Albert Morales is BIG TIME
Albert Morales is a Marvel Upper Deck artist and Cartoonist who resides in Phoenix, AZ. With a degree in graphic design, he has worked in this genre for over 13 years, collaborating on HERO INITIATIVE campaigns, contributing artist for Marvel/Upperdeck’s sketch cards series, and Spider-Man: Homecoming movie campaign. He is a regular fixture at Arizona comic conventions (including the new media con ACE Comicon in Glendale, AZ) and special events at comic books shops.
Recently, Albert was featured in Ohio State University’s publication TALES FROM LA VIDA (now available for preorder).

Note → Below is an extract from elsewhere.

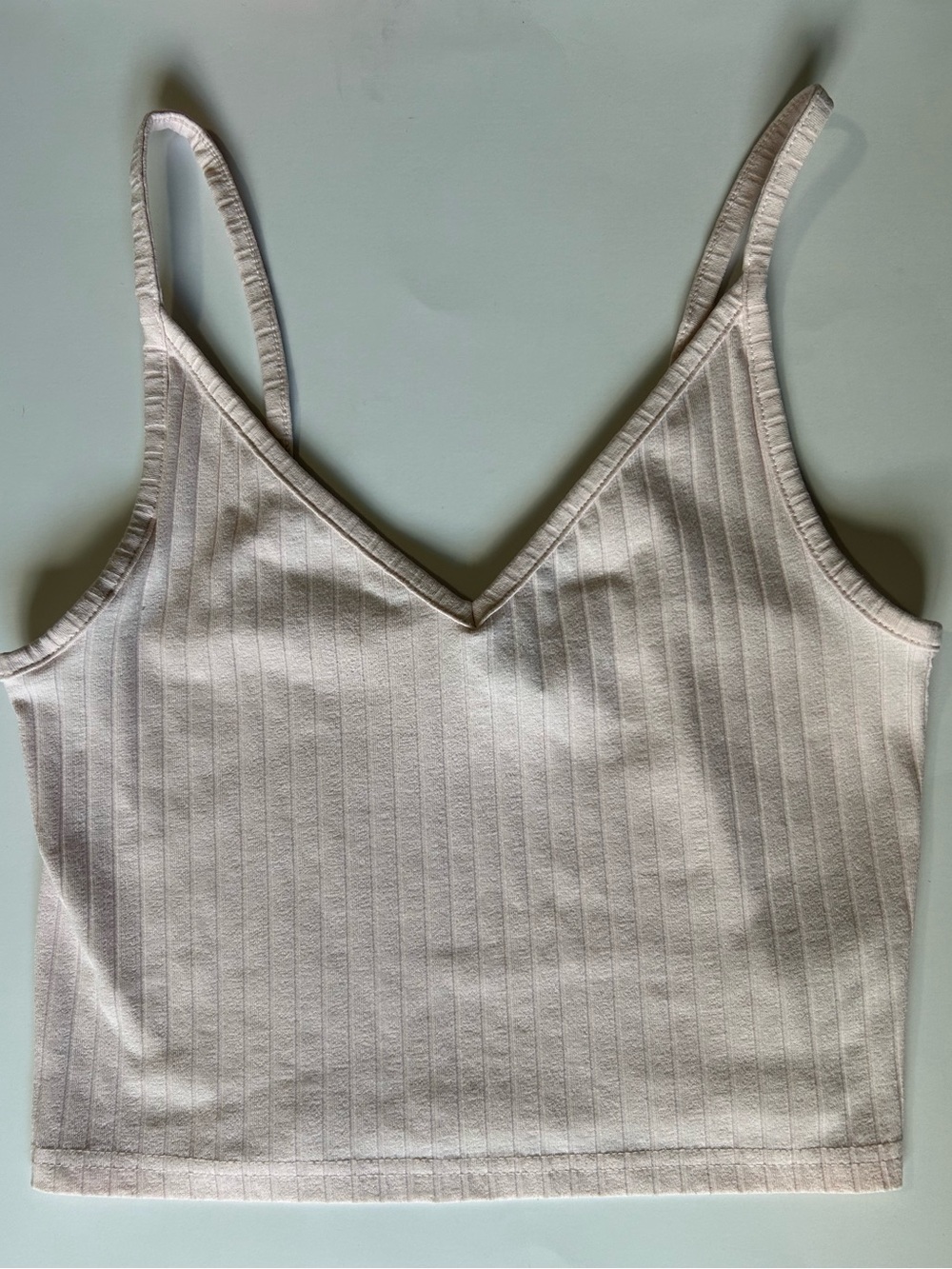 🔥4 for $25 Light Pink Ribbed V-Neck Spaghetti Strap Crop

Currently working on BIG TIME FUNNIES - a newspaper filled with comic strips. Albert will be headlining the newspaper with SUPER IMPACTO vs THE WORLD.
CallMeNell: Give me a synopsis of your background; how did you become interested in comic art?

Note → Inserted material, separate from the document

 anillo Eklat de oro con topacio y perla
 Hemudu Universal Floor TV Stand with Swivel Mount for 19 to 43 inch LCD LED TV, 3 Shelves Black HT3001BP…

AM: I've always been interested in art. I can totally remember drawing Batman and Spider-Man at a young age. I would draw these characters on sheet rock and try and sell them to my dad's workers. If it wasn't that it was drawing all the time in restaurants or alone in my small room. That small room was all I needed back then and to this day it’s really all I need now. To come from that to where I am now is an incredible feeling, but one I always keep close to me to keep me grounded. Know your roots. [hahahahaha]

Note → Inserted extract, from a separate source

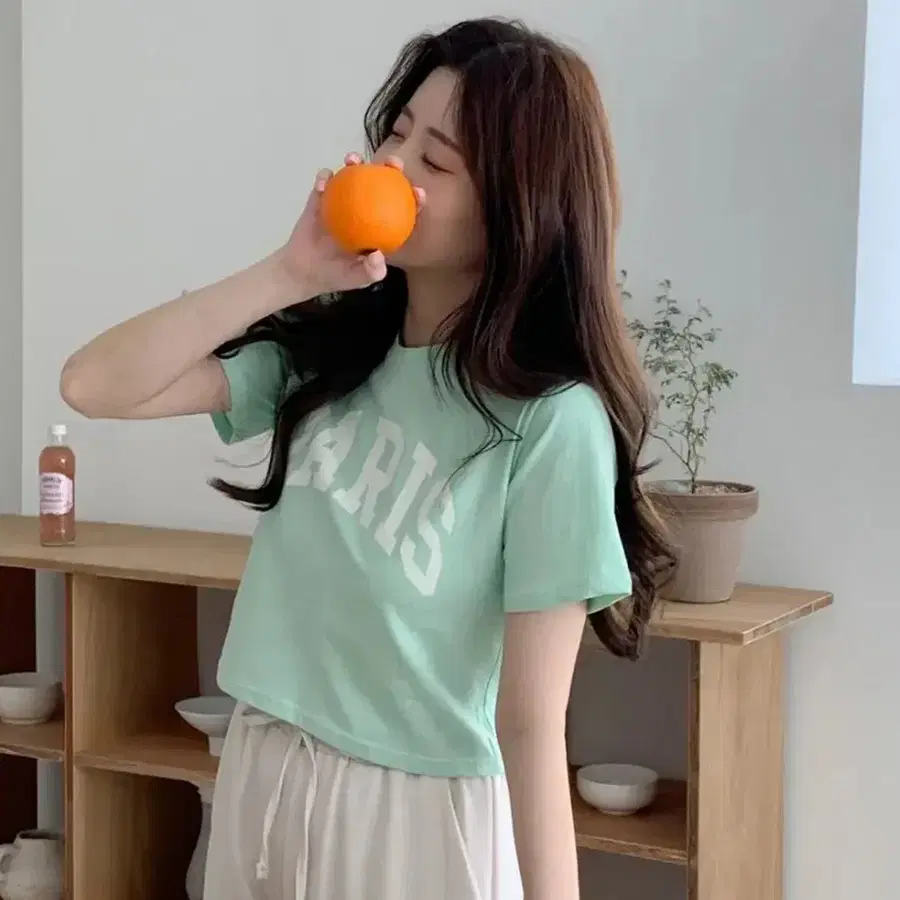 여름 데일리 프린팅 크롭 반팔티셔츠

CMN: When and how did you decide that you would begin selling your art?
AM: Yeah, again it was from an early age. I've always had that entrepreneurship mentality. I can't remember a time I wasn't trying to sell something. I think as an artist you have to have that mentality. You have to know how to sell your work and yourself at some point if you are looking to get into any field.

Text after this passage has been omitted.